A bright all-sky halo display was observed in Turku, Finland in 7th of May 2014. This display was dominated by halo forms originating from columnar crystals. In this display, 22° arcs were bright and well developed, and they formed a circumscribed halo around the Sun. A full parheluic circle was circling the whole sky. Also both infralateral arcs were visible. This halo display had also an almost full Wegener antisolar arc, and this was the second time for me to observe this rare halo form! This was a really fantastic celestial display to observe!

Upper Sunvex Parry Arc 19.4.2014

Observed phenomena: Halo phenomena
Light source: Sun
Origin: High clouds (cirrostratus)
Observed halo forms:

  • 22° halo
  • Parhelia
  • Sun pillar
  • Upper 22° tangent arc
  • Circumzenithal arc
  • Supralateral arc
  • Upper Sunvex Parry arc

Date: 19.4.2014
Time: 20:05-20:30
Observing place: Ulvila, Finland
Observing method: Photography
Technical information about photographing equipment: Olympus μ 1030 sw

During Holy saturday of 2014 (19th of April) only an ordinary 22° halo was visible in the sky of Ulvila.

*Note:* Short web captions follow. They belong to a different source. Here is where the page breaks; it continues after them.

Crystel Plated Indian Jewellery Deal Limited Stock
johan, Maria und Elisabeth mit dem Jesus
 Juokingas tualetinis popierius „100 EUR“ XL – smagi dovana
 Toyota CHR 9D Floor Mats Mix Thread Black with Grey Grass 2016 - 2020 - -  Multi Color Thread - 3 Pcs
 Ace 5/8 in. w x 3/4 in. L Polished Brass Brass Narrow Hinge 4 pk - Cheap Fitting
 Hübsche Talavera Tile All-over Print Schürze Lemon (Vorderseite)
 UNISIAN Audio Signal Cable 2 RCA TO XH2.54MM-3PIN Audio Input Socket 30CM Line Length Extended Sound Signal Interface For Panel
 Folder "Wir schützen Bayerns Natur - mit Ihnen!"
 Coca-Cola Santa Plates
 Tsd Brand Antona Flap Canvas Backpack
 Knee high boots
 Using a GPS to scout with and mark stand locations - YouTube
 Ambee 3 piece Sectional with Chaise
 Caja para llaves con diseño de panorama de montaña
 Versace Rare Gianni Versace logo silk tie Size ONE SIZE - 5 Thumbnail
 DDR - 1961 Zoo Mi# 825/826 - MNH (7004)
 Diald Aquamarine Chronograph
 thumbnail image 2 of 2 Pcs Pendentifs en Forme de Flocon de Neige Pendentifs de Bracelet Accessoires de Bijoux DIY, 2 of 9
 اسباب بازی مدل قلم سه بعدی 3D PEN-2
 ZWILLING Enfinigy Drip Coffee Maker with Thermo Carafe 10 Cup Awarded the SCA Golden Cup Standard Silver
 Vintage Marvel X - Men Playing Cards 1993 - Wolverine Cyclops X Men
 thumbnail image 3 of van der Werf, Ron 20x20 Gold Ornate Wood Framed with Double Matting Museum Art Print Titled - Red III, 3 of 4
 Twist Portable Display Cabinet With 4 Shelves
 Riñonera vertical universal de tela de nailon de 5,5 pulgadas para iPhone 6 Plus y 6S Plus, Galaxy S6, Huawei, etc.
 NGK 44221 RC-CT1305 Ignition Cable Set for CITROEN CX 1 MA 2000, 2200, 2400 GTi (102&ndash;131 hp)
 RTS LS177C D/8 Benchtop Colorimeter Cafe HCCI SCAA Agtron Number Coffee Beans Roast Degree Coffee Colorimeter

But later in the evening, I was able to see something spectacular! I observed a bright and well -developed upper 22° tangent arc, and I thought that could there be a possibility, that a Parry arc would appear inside the curved tangent arc? After some gazing, another arc really started to develop inside the bowl of tangent arc! And there it was, my first ever upper sunvex Parry arc! And it was very well developed and bright, and it appeared in high clouds! These guys are really rare sights in high clouds! What a wonderful way to end an otherwise quite booring halo day! Thank you Mother nature!

Pyramide halo display 16.5.2013

Observed phenomena: Halo phenomena
Light source: Sun
Origin: High clouds (cirrostratus)
Observed halo forms:

  • 22° halo
  • Upper tangent arc
  • Lower tangent arc
  • Upper 23° parhelia
  • 18° parhelia

Date: 16.5.2013
Time: 13:35-16:40
Observing place: Turku, Finland
Observing method: Photography
Technical information about photographing equipment: Olympus μ 1030 sw

On 16th of May 2013 I noticed a diffuse -looking upper tangent arc in the sky of Turku. I observed that halo for several hours, and then I thought that perhaps it is not an ordinary upper tangent but an upper 23° parhelia. I’m pretty convinced, that there was also an ordinary upper tangent arc, because I observed also a lower tangent arc in the sky. For a short while, I observed also a weak 22° halo. In the photos, that I took at 16:00, there was also a short arc-like spot in upright position. I interpret, that it could have been a 18° parhelia.

The upper 23° parhelia -interpretation gets support from other observations from Finland on that day. On 16th of May 2013, many observers reported pyramide halo sightings from many localities in southern Finland.